Plato described the four Cradinal Virtues - Temperance, Prudence, Justice and Courage. Cardinal comes from he word hinge i.e all virtues hinge on these four. Christianity added faith, hope and love. They are spheres that affect human life.

  • Your life - Prudence.
  • Others - Justice
  • Control of fear - Courage
  • Control of appetite - Temperance

Socrates questions the virtues and looked for a hierarchy and collapsed the virtues into one that is Wisdom or Knowledge

Aristotle and Virtue

He had a notion of Megalopsuchia - magnaminous or Greatness of Soul. It was the key crowning virtue. You must have it to have all the others. You must have honour and it must be publicly displayed.

He developed the idea that virtue must be practiced and habituated. He calls it Arete - this is a well entrenched excellence of character. It does not have a moralistic overtones

Wisdom allows you to determine where the Golden Mean is. For instance think of Courage. At one extreme there is cowardice and the other foolhardy. In the middle there was courage. To get to the average you practice and use your wisdom to get there.

Eventually if you attain virtuousness you get Eudaimonia and are a good model for others. However you do not get happy by setting out to be virtuous. The aim is to want to be virtuous and as a result you will be become happy.

There was an idea you could not have one without the other. i.e a wicked man cannot be courageous. Others would argue that is not true but others would say that it isnt courage in the wicked man.

Christianity V Greeks

Even though the virtues are overlapping but there are different reasons for being virtuous. Aristotle - you should be virtuous because it is in your best interests and you will flourish and you will be a good example of a human being and you will treat everyone well. But in Christianity is about serving good. It is much more concerned with others - self serving and mercy and submission to God.

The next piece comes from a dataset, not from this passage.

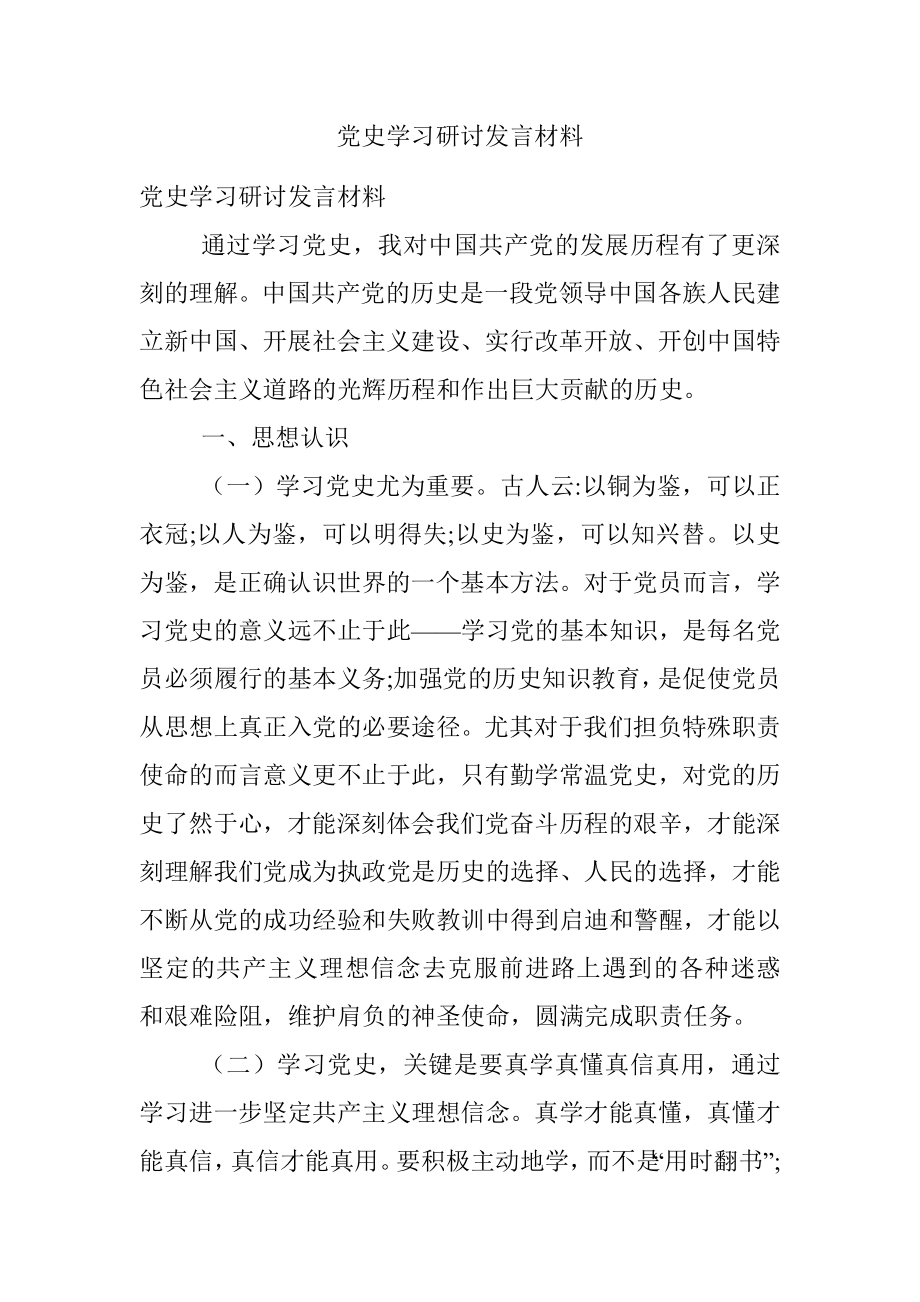 党史学习研讨发言材料.docx_第1页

Acquinus tried to synthesize these nd internalize them so Courage would be an inward struggle. Hume come back to.

Utilitarianism

Achievement done for the greatest good. The Happiness Calculus. To maximize happiness add up all the happy things and subtract the unhappy. Virtues should be acquired for their own sake. This was taken up by the Stoics. For Utilitarians all pleasures were equal but John Stuart Mill tried to argie for an hierarchy of pleasures such as reading.

Hobbes - thought we only acted in our self interest and man was at war against man. At first look Darwinism seems to be focused on the survival of the fittest but real virtue can come from self deception. You cooperate it will be in others best interest but not cooperate when it is in your own best interest. But eventually you will not be cooperated with. So you deceive others by acting virtuous but in order to succeed you must have a sincere feeling of virtuousness and it isnt less virtuous becuase it grew out of an in initial feeling of deception anymore than saying that Diamonds are coal.

Other ideas of Virtue

Nietzsche he saw a big fat lie ansd the heart of Christianity. The promise of an afterlife is some consoling myth for the lack of justice in their own life.

Kant - Sentiment should be removed and based on rationality. He has a Categorical Imperative - that binds all human reason. You should also act on rational principles and do what any other rational beings would do. If you do a good act that flows out of your character then it has no moral value unless you do it out of duty. Even better if you struggled to do your duty. This seems to be diametrically opposed to Aristotle.